Beweisaufnahme: Bildaufnahmen und Tonbänder

Mehr als vier Jahre ist es nun her, dass die Bundeswehr in Kundus am Abwurf von zwei 500-Pfund-Bomben auf von Taliban entführte Tanklaster beteiligt war. Durch den Einsatz, den Oberst Klein am 04. September 2009 befohlen hatte, starben mehr als 100 Menschen. Seither beschäftigt das Kundus-Bombardement die deutsche Justiz. Während die staatsanwaltlichen Ermittlungen schon 2010 durch den Generalbundesanwalt eingestellt worden sind und über die hiergegen anhängige Verfassungsbeschwerde durch das BVerfG noch nicht entschieden wurde, kommt mittlerweile Bewegung in die zivilgerichtlichen Verfahren. Am 30. Oktober 2013 wird vor dem LG Bonn eine erste Beweisaufnahme stattfinden.

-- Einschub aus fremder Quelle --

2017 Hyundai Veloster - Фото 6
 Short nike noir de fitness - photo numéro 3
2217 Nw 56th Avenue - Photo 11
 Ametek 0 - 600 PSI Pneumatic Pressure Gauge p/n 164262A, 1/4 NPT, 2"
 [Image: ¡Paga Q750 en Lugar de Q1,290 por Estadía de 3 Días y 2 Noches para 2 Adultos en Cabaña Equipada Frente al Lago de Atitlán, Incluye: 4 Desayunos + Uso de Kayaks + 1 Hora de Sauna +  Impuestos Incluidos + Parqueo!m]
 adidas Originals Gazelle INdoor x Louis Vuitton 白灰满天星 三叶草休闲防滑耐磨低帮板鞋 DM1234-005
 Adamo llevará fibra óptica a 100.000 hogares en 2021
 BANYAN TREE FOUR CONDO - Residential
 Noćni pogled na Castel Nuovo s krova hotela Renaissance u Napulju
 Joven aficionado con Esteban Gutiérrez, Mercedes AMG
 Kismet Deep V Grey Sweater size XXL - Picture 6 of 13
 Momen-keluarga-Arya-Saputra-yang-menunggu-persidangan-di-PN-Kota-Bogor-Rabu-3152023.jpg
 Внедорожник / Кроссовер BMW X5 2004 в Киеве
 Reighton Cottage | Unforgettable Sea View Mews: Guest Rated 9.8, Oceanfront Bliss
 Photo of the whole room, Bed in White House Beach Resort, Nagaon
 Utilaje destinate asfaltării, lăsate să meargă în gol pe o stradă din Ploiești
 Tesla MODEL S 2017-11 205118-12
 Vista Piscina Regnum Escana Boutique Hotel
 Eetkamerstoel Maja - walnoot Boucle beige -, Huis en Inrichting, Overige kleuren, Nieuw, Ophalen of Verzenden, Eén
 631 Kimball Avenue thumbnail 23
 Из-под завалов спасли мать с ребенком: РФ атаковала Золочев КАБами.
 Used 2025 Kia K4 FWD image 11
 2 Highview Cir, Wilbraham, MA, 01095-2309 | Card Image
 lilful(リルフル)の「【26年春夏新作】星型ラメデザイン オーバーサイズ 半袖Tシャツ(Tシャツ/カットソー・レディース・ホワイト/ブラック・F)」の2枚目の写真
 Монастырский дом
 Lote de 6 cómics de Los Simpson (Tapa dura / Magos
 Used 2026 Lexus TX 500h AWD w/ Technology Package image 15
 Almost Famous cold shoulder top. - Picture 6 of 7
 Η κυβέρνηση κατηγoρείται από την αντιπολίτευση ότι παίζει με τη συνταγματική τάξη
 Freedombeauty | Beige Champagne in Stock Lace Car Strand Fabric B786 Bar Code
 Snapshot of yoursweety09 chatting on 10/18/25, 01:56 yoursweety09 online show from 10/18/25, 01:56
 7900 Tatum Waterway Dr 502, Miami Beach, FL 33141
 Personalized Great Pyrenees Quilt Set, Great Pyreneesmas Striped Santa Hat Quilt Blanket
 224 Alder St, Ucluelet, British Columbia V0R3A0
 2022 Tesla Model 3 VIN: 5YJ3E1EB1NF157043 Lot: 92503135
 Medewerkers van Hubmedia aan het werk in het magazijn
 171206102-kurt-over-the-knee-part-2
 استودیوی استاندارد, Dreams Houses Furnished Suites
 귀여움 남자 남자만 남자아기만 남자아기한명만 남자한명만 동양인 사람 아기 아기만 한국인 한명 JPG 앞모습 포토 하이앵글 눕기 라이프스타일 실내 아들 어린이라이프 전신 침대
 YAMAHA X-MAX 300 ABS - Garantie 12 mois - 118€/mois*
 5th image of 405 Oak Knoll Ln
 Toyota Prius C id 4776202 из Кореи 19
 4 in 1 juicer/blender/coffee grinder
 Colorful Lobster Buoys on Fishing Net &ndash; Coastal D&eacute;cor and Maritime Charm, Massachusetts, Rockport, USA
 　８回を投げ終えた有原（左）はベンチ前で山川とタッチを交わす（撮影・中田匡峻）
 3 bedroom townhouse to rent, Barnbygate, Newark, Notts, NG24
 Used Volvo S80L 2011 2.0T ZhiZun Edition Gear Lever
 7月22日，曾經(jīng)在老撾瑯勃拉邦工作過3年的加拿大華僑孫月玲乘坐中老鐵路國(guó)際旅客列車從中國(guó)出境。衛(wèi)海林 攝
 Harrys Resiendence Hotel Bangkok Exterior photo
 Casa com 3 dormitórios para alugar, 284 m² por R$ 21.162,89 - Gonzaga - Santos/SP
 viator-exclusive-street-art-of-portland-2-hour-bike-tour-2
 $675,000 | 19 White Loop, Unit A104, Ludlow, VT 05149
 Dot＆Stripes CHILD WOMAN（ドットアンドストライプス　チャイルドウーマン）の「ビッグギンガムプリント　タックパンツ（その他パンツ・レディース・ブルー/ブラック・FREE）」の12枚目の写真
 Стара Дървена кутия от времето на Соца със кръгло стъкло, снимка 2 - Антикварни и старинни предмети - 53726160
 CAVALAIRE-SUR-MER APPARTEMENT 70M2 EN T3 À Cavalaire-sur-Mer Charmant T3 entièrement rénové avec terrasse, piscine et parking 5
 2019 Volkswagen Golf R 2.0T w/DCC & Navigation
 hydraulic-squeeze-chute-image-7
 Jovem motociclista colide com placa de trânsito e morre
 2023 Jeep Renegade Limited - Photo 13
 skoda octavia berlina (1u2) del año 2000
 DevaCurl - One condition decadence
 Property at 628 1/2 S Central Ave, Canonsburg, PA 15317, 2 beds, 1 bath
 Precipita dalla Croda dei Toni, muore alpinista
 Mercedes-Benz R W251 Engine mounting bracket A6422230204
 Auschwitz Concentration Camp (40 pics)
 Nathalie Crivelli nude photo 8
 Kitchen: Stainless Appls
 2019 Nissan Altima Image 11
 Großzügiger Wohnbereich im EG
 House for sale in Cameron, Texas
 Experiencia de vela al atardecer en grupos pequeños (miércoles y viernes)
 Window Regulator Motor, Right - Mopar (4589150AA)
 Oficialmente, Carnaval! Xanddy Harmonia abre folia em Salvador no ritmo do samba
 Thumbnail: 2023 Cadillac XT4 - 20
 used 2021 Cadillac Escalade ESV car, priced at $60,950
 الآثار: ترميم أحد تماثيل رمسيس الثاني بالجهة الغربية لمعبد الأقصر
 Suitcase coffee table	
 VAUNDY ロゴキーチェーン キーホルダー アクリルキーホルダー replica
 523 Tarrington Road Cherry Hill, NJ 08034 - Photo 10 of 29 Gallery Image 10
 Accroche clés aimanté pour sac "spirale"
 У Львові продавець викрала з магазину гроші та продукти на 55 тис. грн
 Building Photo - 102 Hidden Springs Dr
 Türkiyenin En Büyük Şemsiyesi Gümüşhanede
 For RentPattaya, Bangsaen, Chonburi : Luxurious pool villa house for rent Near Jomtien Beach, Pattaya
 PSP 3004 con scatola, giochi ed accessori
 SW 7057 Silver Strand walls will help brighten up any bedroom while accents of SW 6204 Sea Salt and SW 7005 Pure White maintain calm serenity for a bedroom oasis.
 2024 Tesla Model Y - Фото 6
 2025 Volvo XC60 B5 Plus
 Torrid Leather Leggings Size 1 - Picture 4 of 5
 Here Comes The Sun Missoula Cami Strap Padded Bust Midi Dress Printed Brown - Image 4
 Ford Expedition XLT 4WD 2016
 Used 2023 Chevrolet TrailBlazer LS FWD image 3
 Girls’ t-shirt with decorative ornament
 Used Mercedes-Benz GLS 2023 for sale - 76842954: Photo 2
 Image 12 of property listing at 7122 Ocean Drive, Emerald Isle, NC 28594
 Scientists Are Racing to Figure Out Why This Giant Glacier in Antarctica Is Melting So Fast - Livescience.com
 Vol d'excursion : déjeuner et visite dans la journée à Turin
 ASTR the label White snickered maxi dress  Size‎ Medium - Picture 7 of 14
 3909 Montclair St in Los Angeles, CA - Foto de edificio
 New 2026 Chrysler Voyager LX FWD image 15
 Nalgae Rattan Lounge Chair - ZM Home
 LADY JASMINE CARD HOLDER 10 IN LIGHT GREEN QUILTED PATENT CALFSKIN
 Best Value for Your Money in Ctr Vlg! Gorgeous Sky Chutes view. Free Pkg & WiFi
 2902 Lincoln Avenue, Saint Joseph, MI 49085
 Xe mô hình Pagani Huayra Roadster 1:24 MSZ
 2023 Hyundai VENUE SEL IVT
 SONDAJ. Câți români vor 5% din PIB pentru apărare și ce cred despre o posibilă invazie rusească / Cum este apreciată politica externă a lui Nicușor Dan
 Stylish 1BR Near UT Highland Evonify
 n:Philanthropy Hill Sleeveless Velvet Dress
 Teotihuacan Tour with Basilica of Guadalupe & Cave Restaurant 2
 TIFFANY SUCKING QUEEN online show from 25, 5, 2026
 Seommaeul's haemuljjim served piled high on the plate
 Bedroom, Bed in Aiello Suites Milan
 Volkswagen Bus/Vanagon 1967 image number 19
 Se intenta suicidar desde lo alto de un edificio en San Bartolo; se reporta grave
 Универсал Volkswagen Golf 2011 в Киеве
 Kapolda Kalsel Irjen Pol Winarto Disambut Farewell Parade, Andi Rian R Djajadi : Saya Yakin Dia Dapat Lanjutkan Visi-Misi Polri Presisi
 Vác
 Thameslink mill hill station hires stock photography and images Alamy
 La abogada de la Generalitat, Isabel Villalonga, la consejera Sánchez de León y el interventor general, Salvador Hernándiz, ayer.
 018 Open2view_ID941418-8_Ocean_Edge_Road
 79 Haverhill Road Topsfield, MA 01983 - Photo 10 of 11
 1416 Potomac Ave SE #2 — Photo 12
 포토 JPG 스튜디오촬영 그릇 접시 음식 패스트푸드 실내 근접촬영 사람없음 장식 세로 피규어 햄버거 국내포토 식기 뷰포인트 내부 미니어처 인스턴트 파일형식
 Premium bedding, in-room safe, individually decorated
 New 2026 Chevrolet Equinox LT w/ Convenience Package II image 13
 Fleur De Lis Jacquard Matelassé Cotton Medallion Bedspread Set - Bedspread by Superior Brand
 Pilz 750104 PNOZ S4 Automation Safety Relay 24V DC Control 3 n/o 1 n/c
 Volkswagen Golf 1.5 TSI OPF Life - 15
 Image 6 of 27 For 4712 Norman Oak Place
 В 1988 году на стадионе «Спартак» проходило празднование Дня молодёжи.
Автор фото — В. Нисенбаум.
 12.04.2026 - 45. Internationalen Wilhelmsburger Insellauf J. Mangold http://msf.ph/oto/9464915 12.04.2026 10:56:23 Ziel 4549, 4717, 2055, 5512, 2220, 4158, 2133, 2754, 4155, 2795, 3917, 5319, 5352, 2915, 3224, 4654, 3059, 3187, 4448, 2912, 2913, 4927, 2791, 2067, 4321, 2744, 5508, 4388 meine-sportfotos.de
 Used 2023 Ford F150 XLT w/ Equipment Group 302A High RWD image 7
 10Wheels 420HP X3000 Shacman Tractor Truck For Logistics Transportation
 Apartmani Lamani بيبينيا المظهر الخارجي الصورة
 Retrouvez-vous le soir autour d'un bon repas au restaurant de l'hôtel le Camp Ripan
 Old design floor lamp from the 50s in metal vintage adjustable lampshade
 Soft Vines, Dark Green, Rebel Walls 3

Das LG hatte bereits im März 2013 in Sachen Kundus verhandelt und sich mit den Einwänden der Bundesregierung beschäftigt: Die deutsche Gerichtsbarkeit sei nicht zuständig, die beklagte Bundesrepublik nicht passivlegitimiert, im bewaffneten Konflikt sei die Anwendung des Amtshaftungsrechts sowieso ausgeschlossen und eine drittschützende Norm nicht verletzt.

In einem bemerkenswerten Hinweisbeschluss aus dem April 2013 hat das LG diese Einwände zurückgewiesen: (1) Die deutsche Gerichtsbarkeit sei zuständig. (2) Die Passivlegitimation der Bundesrepublik scheitere nicht daran, dass es sich um einen NATO-Einsatz gehandelt habe. Denn  durch die Einbindung in NATO-Kommandostrukturen entfalle die Haftung der Anstellungskörperschaft nicht. (3) Die Anwendbarkeit des Amtshaftungsrechtes und das Bestehen von Individualansprüchen seien nicht deswegen ausgeschlossen, weil in Afghanistan ein (internationalisierter) nicht-internationaler bewaffneter Konflikt stattfinde. (4) Als möglicherweise verletzte drittschützende Amtspflichten kämen die Bestimmungen der Genfer Konventionen und der dazugehörigen Zusatzprotokolle I und II in Betracht, insbesondere Art. 13 des ZP I sowie die Art. 51 und Art. 57 des ZP II, da diese dem Schutz der Zivilbevölkerung dienen.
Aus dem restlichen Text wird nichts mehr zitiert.